Our campaign, by the largest independent blog for Labour supporters, LabourHome.org, challenges the re-election of Labour Party treasurer, Jack Dromey, on behalf of human rights barrister, Mark McDonald.
It is almost accepted that the Americans are ahead of us in most things and that, just like bubblegum and rock'n'roll, the latest trends will eventually cross the Atlantic. But it is still taking us a while to catch on to digital developments.
The main stumbling block is the leap of faith needed in the use of social media such as Facebook, YouTube, blogs and video sharing, which ultimately involves giving more power to the people.
Politicians have been falling over themselves as they try to look clever using new media, with most of Labour's recent deputy leadership candidates populating Facebook, producing their own blogs and even venturing on to applications such as Twitter and Flickr.
All parties are dipping their toes in the water - WebCameron anybody? - but there is still a sense that watching politicians trying to use new media is a bit like watching your dad dance at a wedding.

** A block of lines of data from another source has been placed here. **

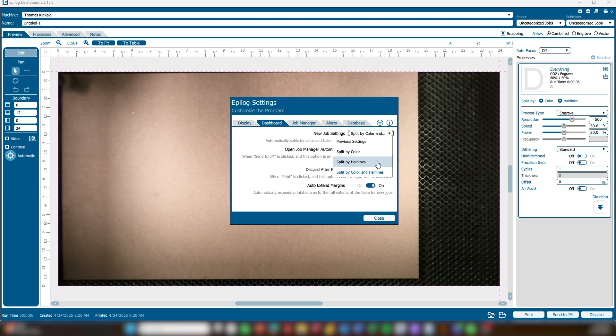We will show in the Advanced Options where to set the Hairline value later in the video. Split By Color and Hairline combines the benefits of both features: an engraving process is based on color, while any line below the preset thickness set in the Advanced Options is treated as a cut line.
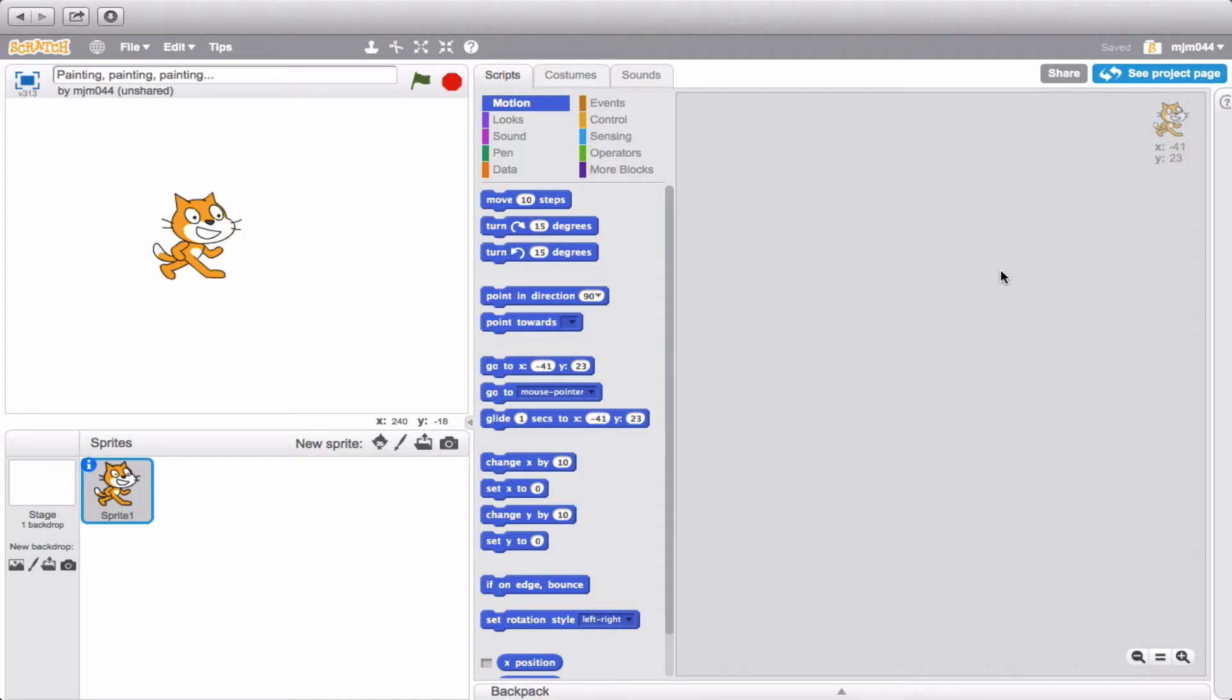Hi everybody, MJ here. Okay, now I'm going to take you through a couple different ways that you access what's called the Paint Editor in Scratch.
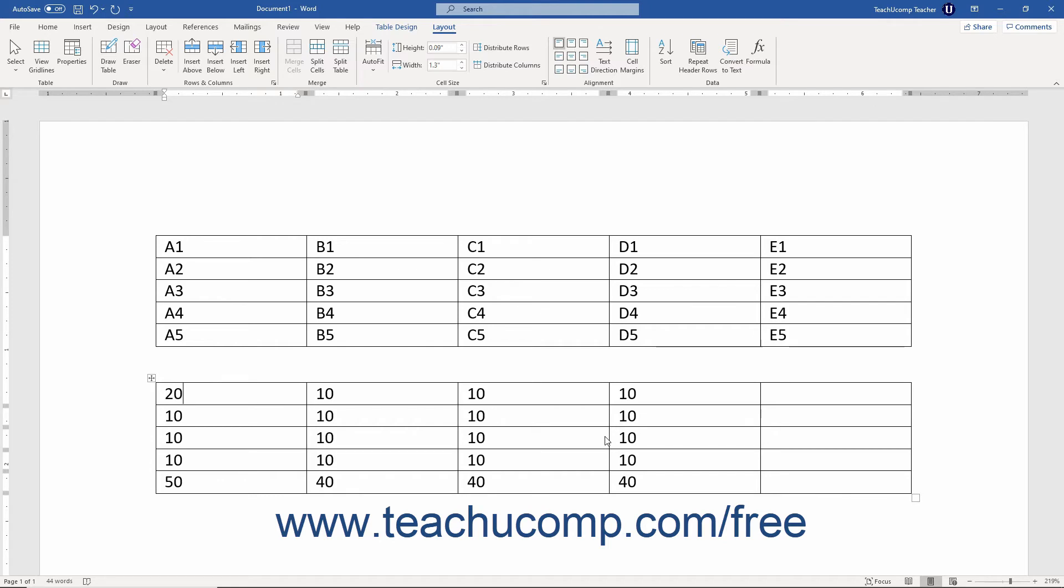To view an individual cell's formula versus its result, select the formula within the cell, and then press Shift plus F9 on your keyboard.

Current political campaign orthodoxy states that party HQ in London passes down commandments to an army of canvassers. They then knock on doors and receive abuse from citizens who are nonplussed about the policies and behaviour of HQ.
But imagine a world where there is a "members only" online debate with the party leader, campaign manager or policy chief: members can give feedback from the doorstep and - shock horror - contribute to policy. This would provide an enthused base that is more effective in responding to negatives at ground level, a dying breed for the three main parties in the UK.
It would be a mistake to think that digital campaigning is either astonishingly clever or demands gadgets and technology. The key is in the approach: always talking to people where they congregate (not building a website and trying to 'drive' people to it), talking in their language and getting into proper conversations.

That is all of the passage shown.